“War is just a racket.”
– Major General Smedley Butler, USMC, 1933
Smedley Darlington Butler is famous for two things. First, winning two–TWO!–Medals of Honor, as well as 14 other medals in his 34-year career in the Marines. Second, for loudly denouncing U.S. military policy as a mere agent of Big Business. In 1933, he laid it all out in nauseating detail:
“I helped make Mexico, especially Tampico, safe for American oil interests in 1914. I helped make Haiti and Cuba a decent place for the National City Bank boys to collect revenues in. I helped in the raping of half a dozen Central American republics for the benefits of Wall Street.

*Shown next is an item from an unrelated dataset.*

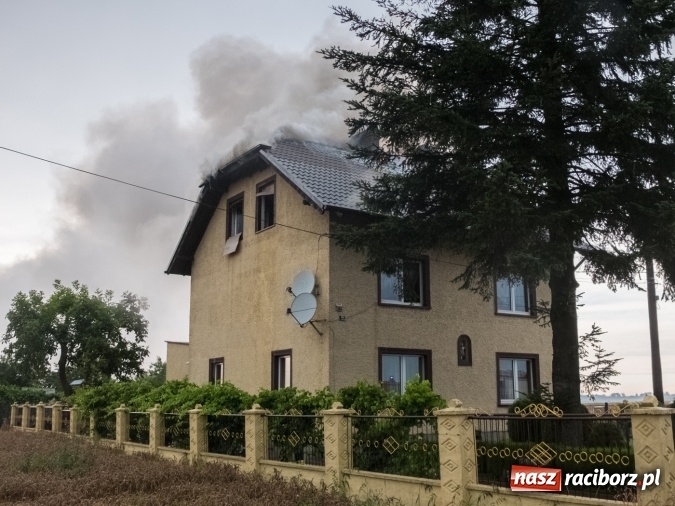 Zdjęcie w galerii na portalu naszraciborz.pl: Pożar domu jednorodzinnego w Krowiarkach wiadomości z regionu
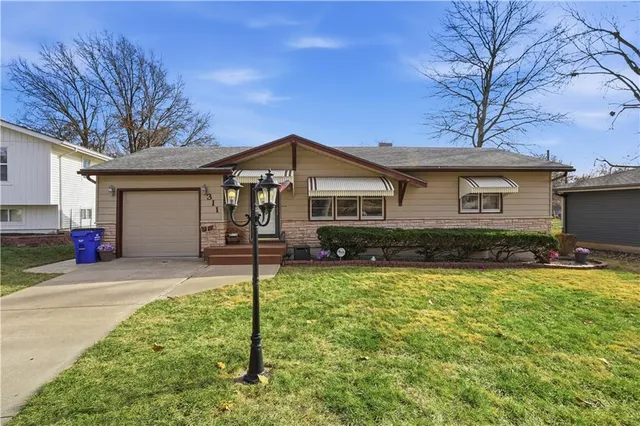 $270,000 | 311 Northeast Arlington Circle, Lee's Summit, MO 64063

The record of racketeering is long. I helped purify Nicaragua for the international banking house of Brown Brothers in 1909-1912 (where have I heard that name before?). I brought light to the Dominican Republic for American sugar interests in 1916. In China I helped to see to it that Standard Oil went its way unmolested.”
Because no one in the U.S. government apparently reads (or understands) history, I don’t think Butler would be all that surprised to read today’s Associated Press story datelined from Canberra, Australia:
“The growing number of U.S. Marines in northern Australia is enhancing the security of the nation’s burgeoning gas industry, which extends across the remote and sparsely populated northern coast, a senior American general said on Wednesday.
“Maj. Gen. Richard L. Simcock, Hawaii-based deputy commander of U.S. Marine Corps in the Pacific, was commenting after an executive of U.S. energy giant Chevron Corp. told a conference of concerns that gas rigs off the Australian northwest coast and tankers shipping liquid natural gas through Southeast Asian waters could be vulnerable to attack.”
Of course, the world has changed since Butler’s fiery 1933 speech. We now have private military contractors like Triple Canopy that are staffed with well-paid ex-soldiers and provide “high threat protection” so we can hold the Marines back for matters of a more national importance like times when foreign powers invade the United States.
Then again, if I was Chevron, why would I want to pay some contractor to protect me when I could convince Washington to do it for free? That’s just good business sense.